### DIRECTIONS FOR THIS TASK
Write out each line of the material exactly as given, and drop the images.

### MATERIAL PROVIDED
--- START ---
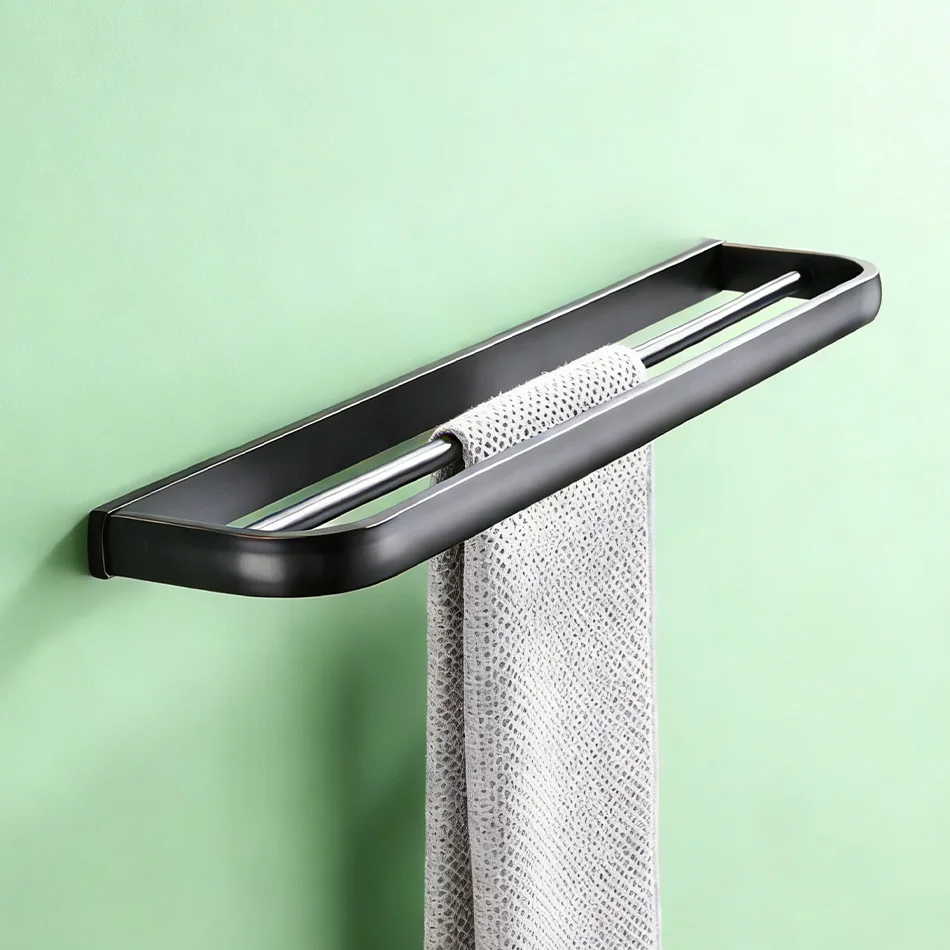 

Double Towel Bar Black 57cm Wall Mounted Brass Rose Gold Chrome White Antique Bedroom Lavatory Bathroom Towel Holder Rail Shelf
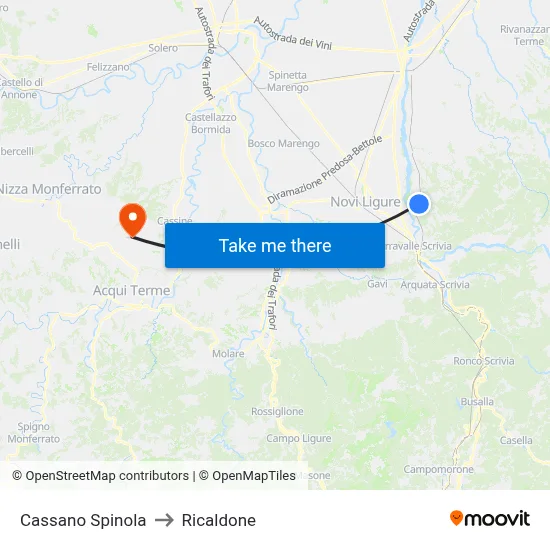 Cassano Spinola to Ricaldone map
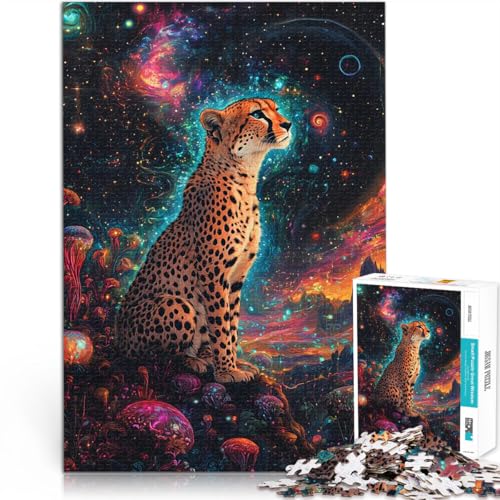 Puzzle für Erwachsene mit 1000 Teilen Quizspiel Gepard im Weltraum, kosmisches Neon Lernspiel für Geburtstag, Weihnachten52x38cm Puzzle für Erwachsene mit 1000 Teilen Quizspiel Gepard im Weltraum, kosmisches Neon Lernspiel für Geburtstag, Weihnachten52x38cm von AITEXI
--- END ---
### RESULT OF THE TASK
Double Towel Bar Black 57cm Wall Mounted Brass Rose Gold Chrome White Antique Bedroom Lavatory Bathroom Towel Holder Rail Shelf
 Cassano Spinola to Ricaldone map
 Puzzle für Erwachsene mit 1000 Teilen Quizspiel Gepard im Weltraum, kosmisches Neon Lernspiel für Geburtstag, Weihnachten52x38cm Puzzle für Erwachsene mit 1000 Teilen Quizspiel Gepard im Weltraum, kosmisches Neon Lernspiel für Geburtstag, Weihnachten52x38cm von AITEXI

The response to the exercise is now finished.